Use a Shortcut to parse and extract data for a specific city from an Air Quality RSS feed

Given a web-based RSS feed of Air Quality data for multiple cities, extract the data for a specific city and correct the HTML representations °, ´, " and remove
tags from the result.

The first step is to understand the structure of the RSS content so one can properly format the xmllint XPATH request. This can be achieved with curl and the RSS feed html address:

/usr/bin/curl -s "https://uk-air.defra.gov.uk/assets/rss/forecast.xml" > uk.rss

That structure is:

//rss/channel/item/description/text()

and a typical entry is of the format:

<rss version="2.0">
  <channel>
      <item>
           <title>LONDON CITY AIRPORT</title>
          <description><!CDATA[Location: 51&deg;30&acute;17.28&quot;N    0&deg;03&a
   cute;28.80&quot;E <br />index levels are forecast to be  <br />Thu: 3 Fri: 3 Sat: 3 Sun: 3
  Mon: 3 ]]></description>
          <pubDate>Thu, 19 Mar 2026 06:00:00 +0000</pubDate>
     </item>
  ⋮
  </channel>
</rss>

Now that I have the RSS structure, if I want the Air Quality data for the CITY OF LONDON, I can form an XPATH like this:

/usr/bin/xmllint --xpath "string(//rss/channel/item[title='CITY OF LONDON']/description/text())" --format -

where the text() component gets the content of the CDATA.

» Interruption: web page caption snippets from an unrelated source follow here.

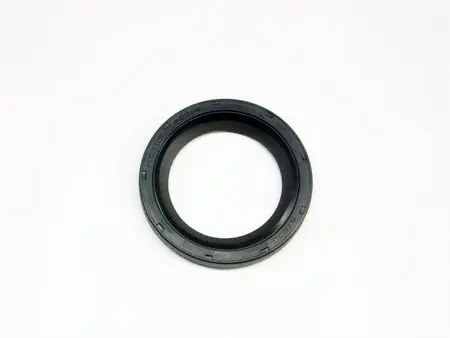 Gm: Timing Chain Damper Seal 1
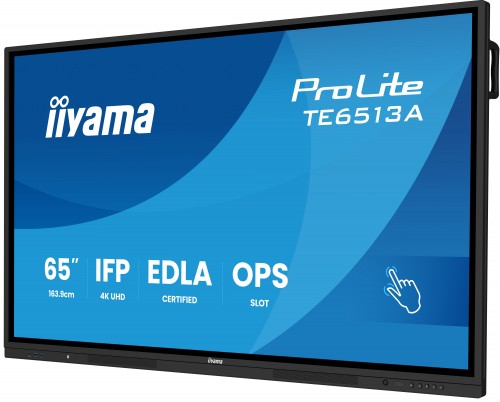 Iiyama ProLite TE6513A-B1AG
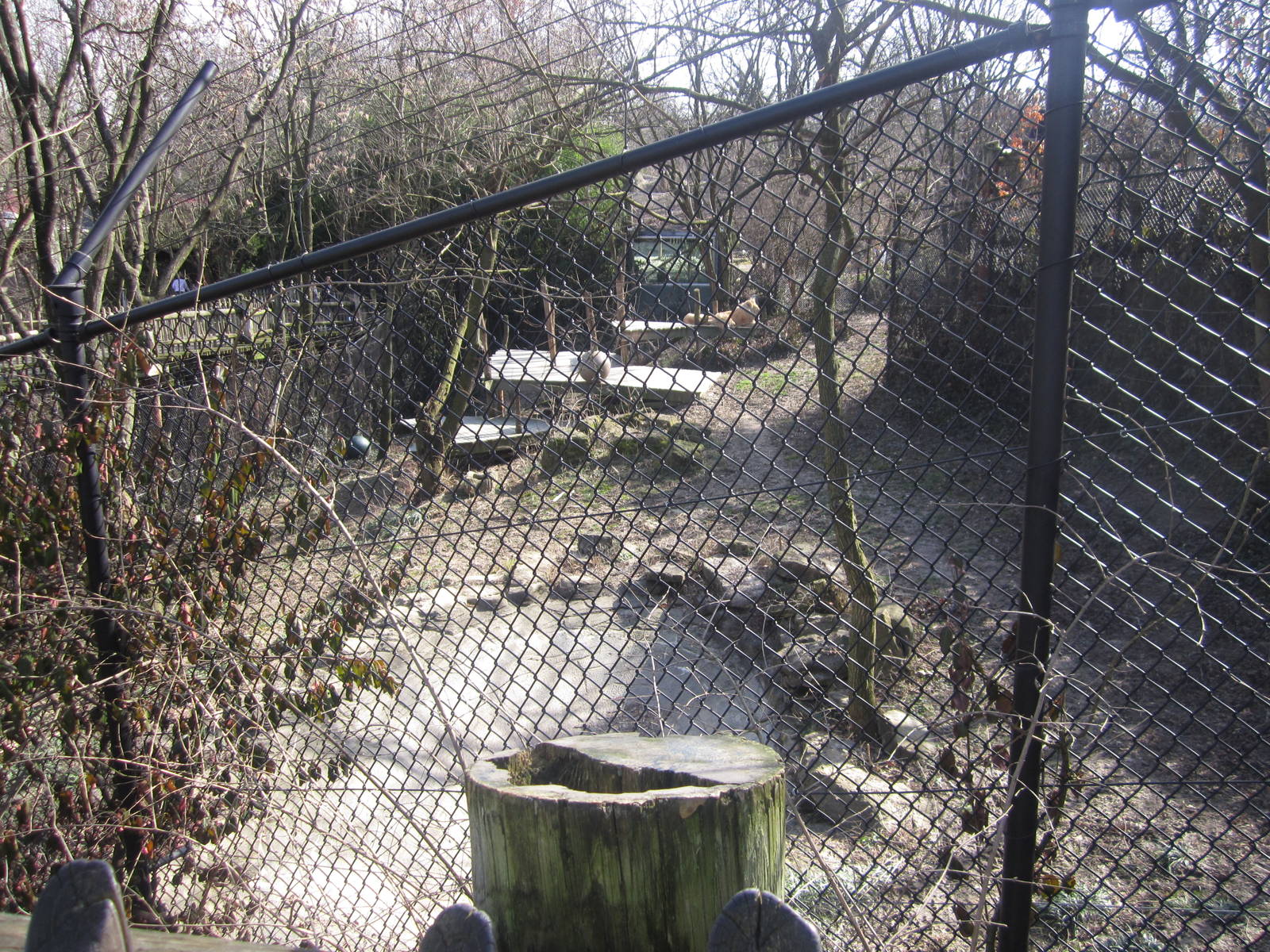 Feb. 2012-White Lions of Timbavati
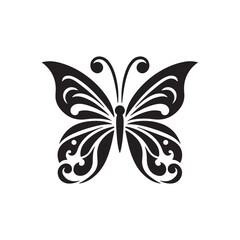 black and white butterfly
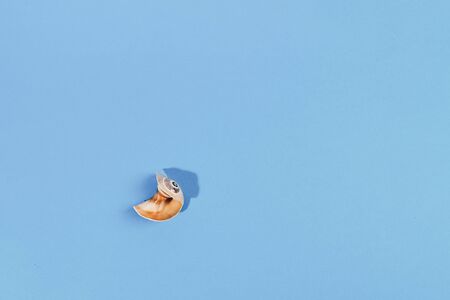 Alone Broken shell on blue background with hard dark shadow. Flat lay.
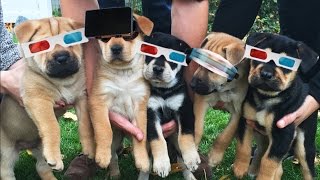 A 360 Degree View Of Puppies Playing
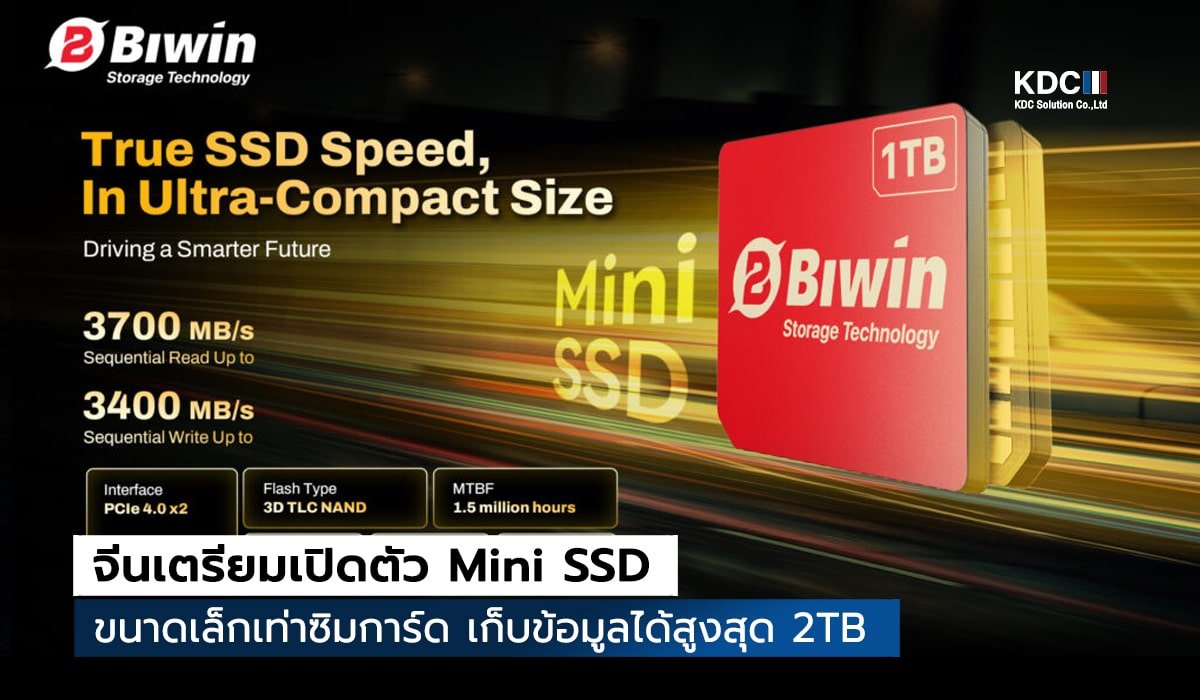 Mini SSD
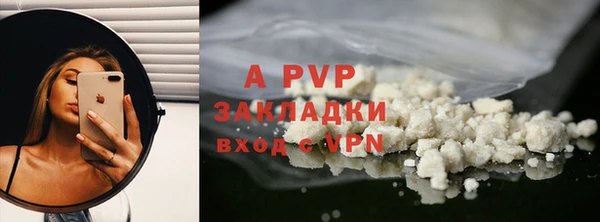спиды Бородино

When I pipe the output of curl into this xmllint xpath, I get:

Location: 51&deg;30&acute;36.72&quot;N    0&deg;05&acute;1.32&quot;W <br />index levels are forecast to be  <br />Thu: 3 Fri: 3 Sat: 3 Sun: 3 Mon: 3

Too make this more legible, I use a Zsh associative array to replace the HTML jargon with their character equivalents:

Location: 51°30´36.72"N    0°05´1.32"W  index levels are forecast to be Thu: 3 Fri: 3 Sat: 3 Sun: 3 Mon: 3 

The Shortcut to achieve the above does not use curl but a Shortcut Get action and a Run Shell Script that takes that input from STDIN.

2 Likes

Here is a AppleScript that does the above.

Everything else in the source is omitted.